Adjusted for age and sex.

Anti-mitochondrial antibodies were seen in 14 FDRs (1.4%). After adjustment for age and sex, the frequency of anti-mitochondrial antibodies in FDRs did not differ significantly from controls (p = 0.091, OR = 5.89, 95% CI = 0.75–46.2), though results indicated a trend for a higher frequency in this population. We also retested the sera that showed an anti-mitochondrial pattern by IFF using a M2 ELISA. The presence of anti-mitochondrial antibodies was confirmed by ELISA in 11 FDRs and one control subject. Only one of the FDRs with anti-mitochondrial antibodies was reported to have PBC at the time of enrollment. The rest of the individuals were contacted to see if PBC had developed after enrollment.
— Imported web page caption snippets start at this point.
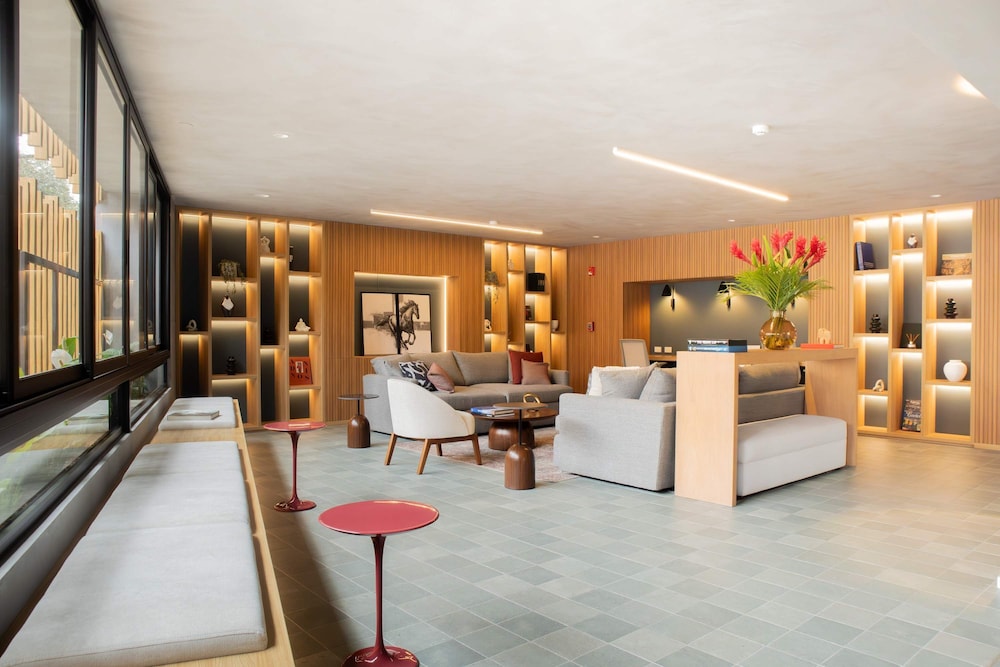 w Comfortable 2BR Stay in Miraflores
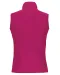 K906 - Bodywarmer van microfleece dames Fuchsia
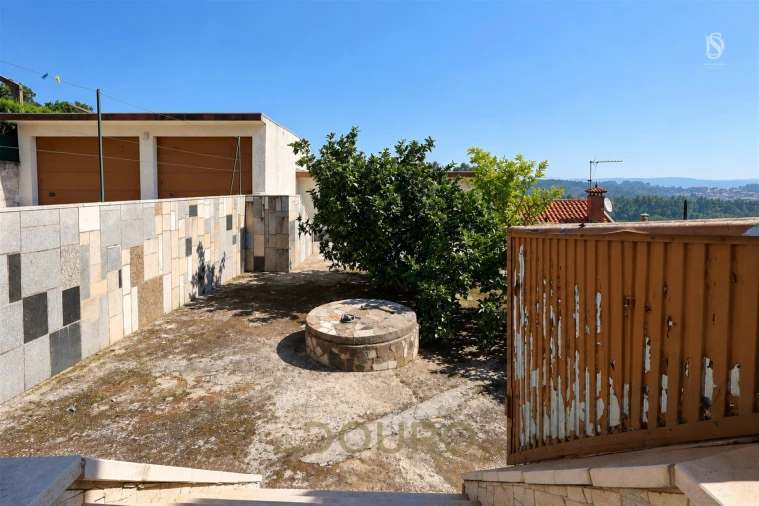 Apartamento T4 para Venda em Coronado (São Romão e São Mamede) Foto 34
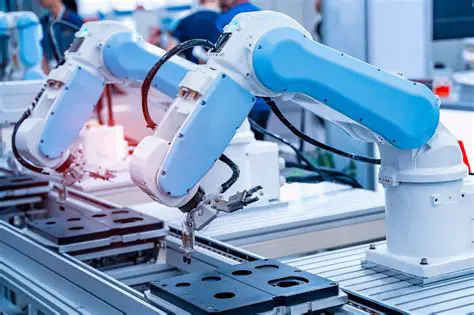 Les applications industrielles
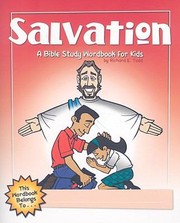 Cover of: Salvation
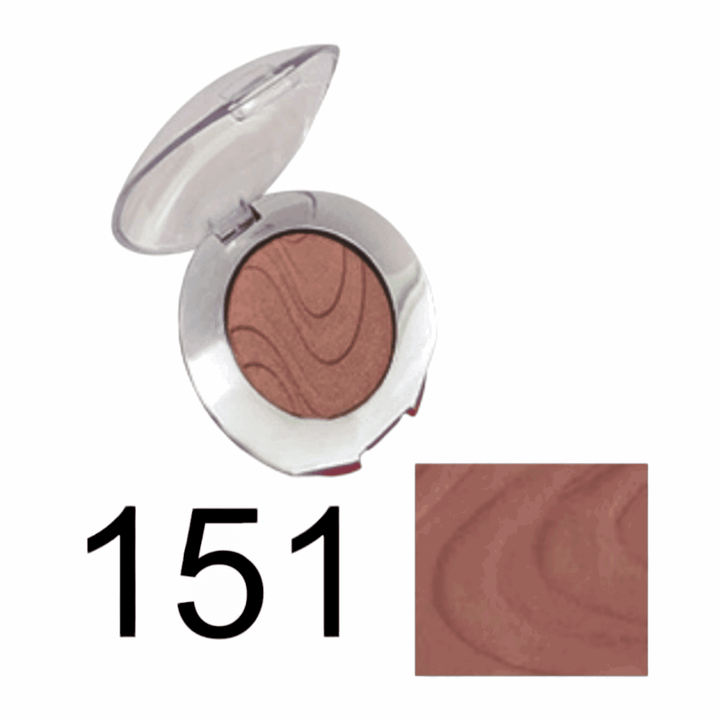 Amanda Dream Blusher 151 - ELBEAUTE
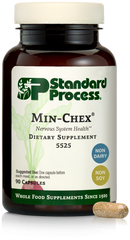 Min-Chex®, 90 Capsules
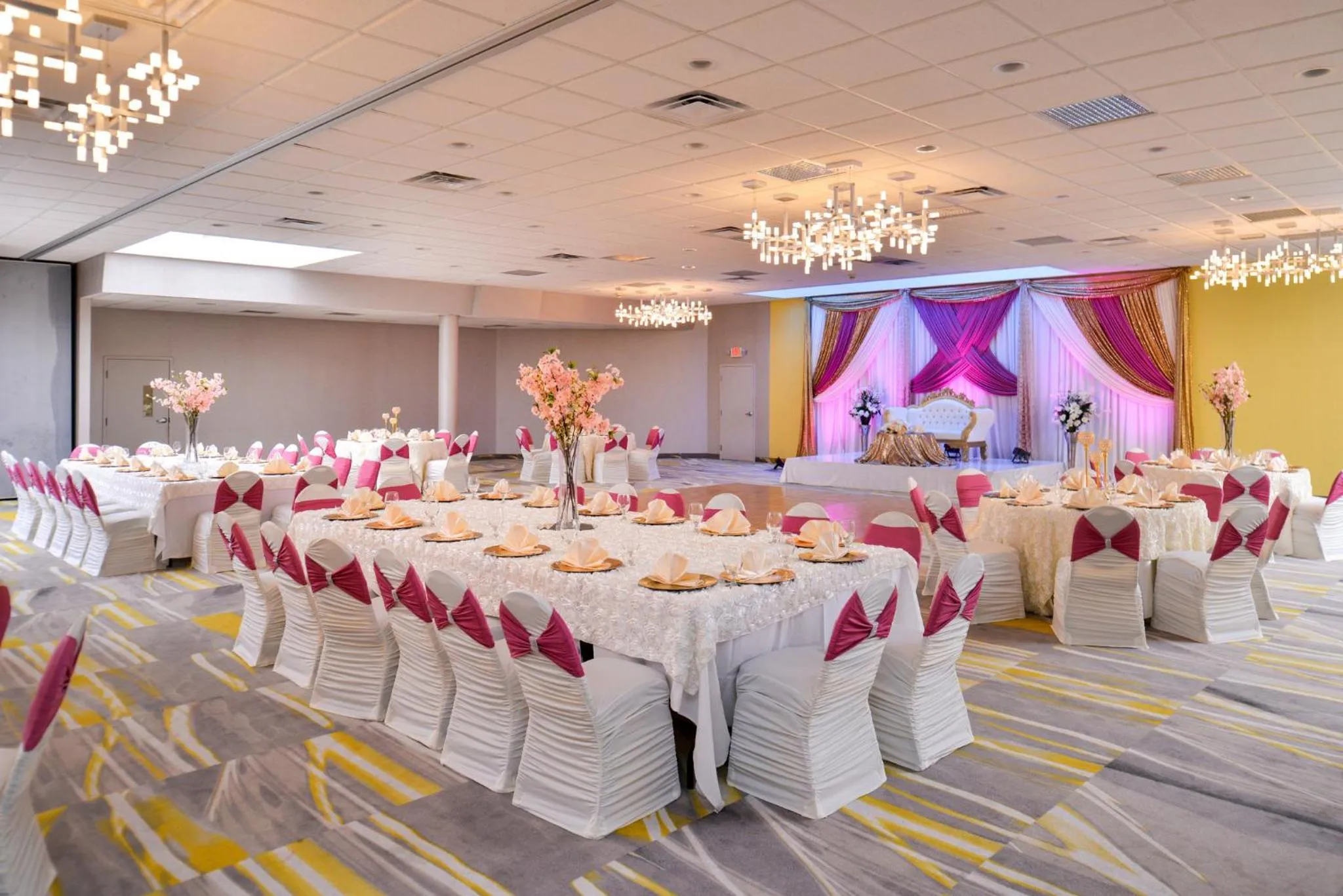 Banquet/Function facilities in Holiday Inn Dallas-Richardson by IHG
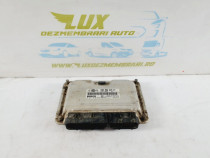 Calculator motor ecu 1.9 tdi AXR 0281010974 038906019at Volkswagen VW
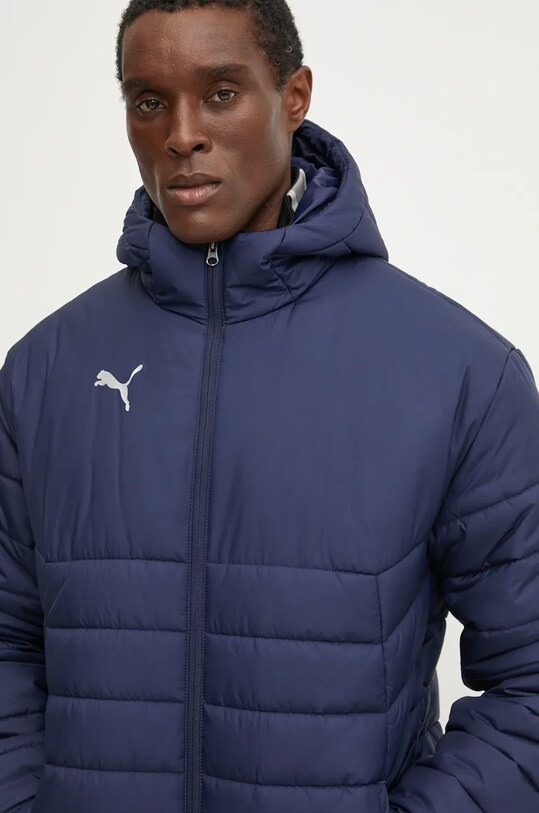 Puma kurtka granatowy 658739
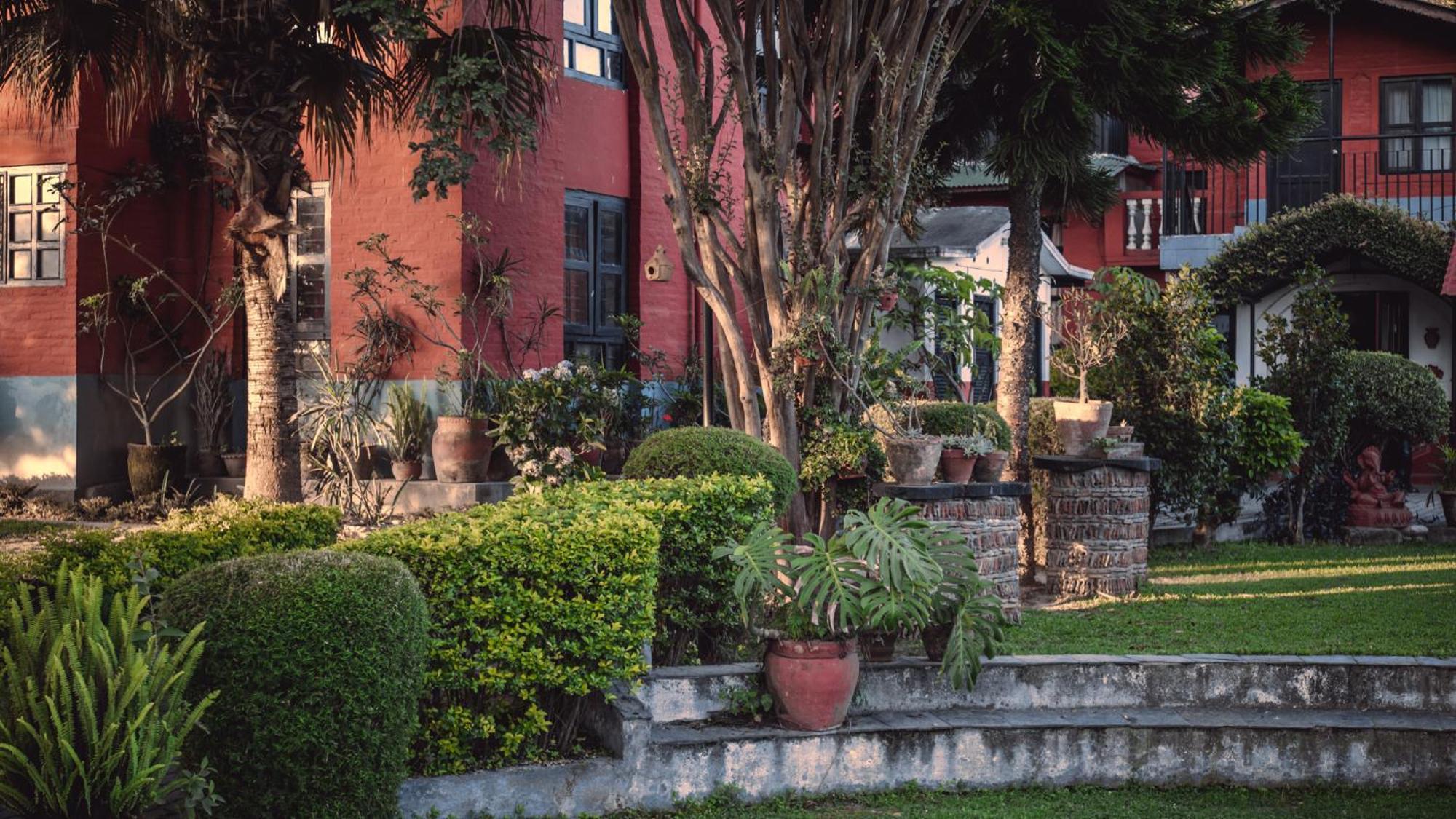 Bhaktapur Guest House Kültér fotó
None of the successfully contacted FDRs (n = 7) had developed PBC in the interim.

4. Discussion

The current study investigated the prevalence of autoimmune diseases in FDRs of a large sample of SSc patients. Compared with the prevalence in controls families (17), SLE, hypothyroidism and hyperthyroidism were significantly increased in our families with SSc. We attempted to confirm all the reported autoimmune diseases. Furthermore, we investigated the presence of ANA and more specific autoantibodies in FDRs and spouses of patients with SSc in addition to unrelated controls.

We report the novel finding that proband’s SSc subtype appeared to modify the degree of familial autoimmunity. SSc patients with ACA and limited disease type show a positive association with familial autoimmunity while SSc patients with ATA have a negative association with this phenomenon. The usually non-overlapping SSc related autoantibodies such as ACA and ATA are associated with different clinical manifestations of disease [18]. Our group has previously shown that SSc-affected members of multiplex families tend to share a similar autoantibody profile [16]. Furthermore, previous HLA studies have demonstrated that the major histocompatibility genes exert their influence primarily on autoantibody expression in SSc [19,20]. The DPB1*1301 allele is a strong susceptibility gene for ATA positive SSc while ACA is best explainable by DQB1*0501and DQB1*26 epi alleles. Moreover, ACA positive SSc patients have more often concomitantly PBC and/or Sjögren syndrome than other subtypes of SSc [21,22]. Our results along with the above mentioned findings indicate that serological subtypes of SSc have different genetic backgrounds and carry a varying degree of genetic risk for familial autoimmunity.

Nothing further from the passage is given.